After the publicity of the latest OpenSSL vulnerability CVE-2014-0160 (aka Heartbleed). I’ve investigated if Netscaler’s firmware was vulnerable to this vulnerability. Soon I found out that Netscaler’s software is NOT vulnerable. But during my investigation I noticed that the OpenSSL implementation is very old (2004). This raised some questions like:

  • Why this old version is still actively used by Netscaler firmware?
  • Is OpenSSL used for SSL Authentication?
  • Is this version subject to all vulnerabilities that where discovered since 2004?

After some discussions on Citrix Forums, finally today a conclusive statement was given by Citrix Netscaler product manager Steve Shah.

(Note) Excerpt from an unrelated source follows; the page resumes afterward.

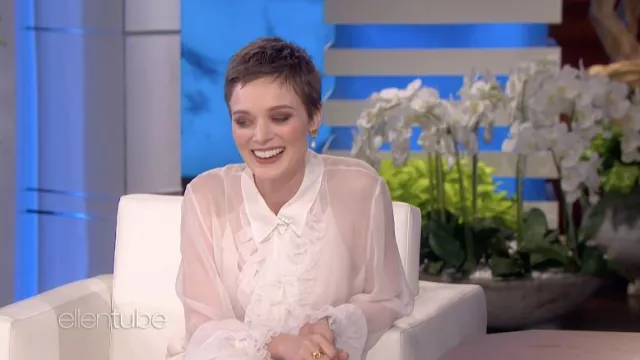 Alberta Ferretti White Transparent Ruffle Blouse Shirt worn by Bella Heathcote as seen in The Ellen DeGeneres Show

Starting with the most important detail: NetScaler is NOT vulnerable to CVE-2014-0160. We have an up to date set of information at http://support.citrix.com/article/CTX140605

There seems to be some confusion around our SSL implementation and our patch strategy as well.

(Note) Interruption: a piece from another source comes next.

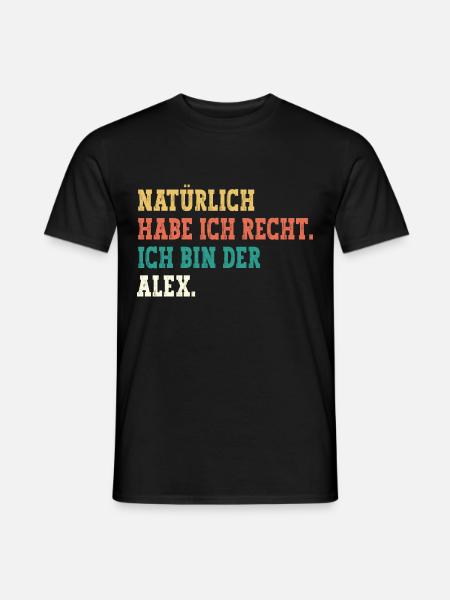 Alex Lustiger Spruch Vorname Name Alex - Männer T-Shirt - Schwarz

The NetScaler has two halves: the Internet-facing front half which uses our own SSL stack and is not vulnerable to OpenSSL. Our SSL stack is not OpenSSL. The second half is the management half which does use OpenSSL.

We validate our internal SSL stack against all SSL vulnerabilities posted against all SSL stacks out there.

For our OpenSSL implementation, we keep it patched for all the latest security issues, but not for the latest features. This is done to mitigate risk and maintain a stable code base where possible. Because the features do not change, we leave the version number of OpenSSL alone (openssl version) so that components that look at the version number to determine which API to use behave themselves.

We use this strategy across all of the relevant opensource we use, including OpenSSH. This leads to false positives from some security scanners that only use the version number to determine if a stack is vulnerable.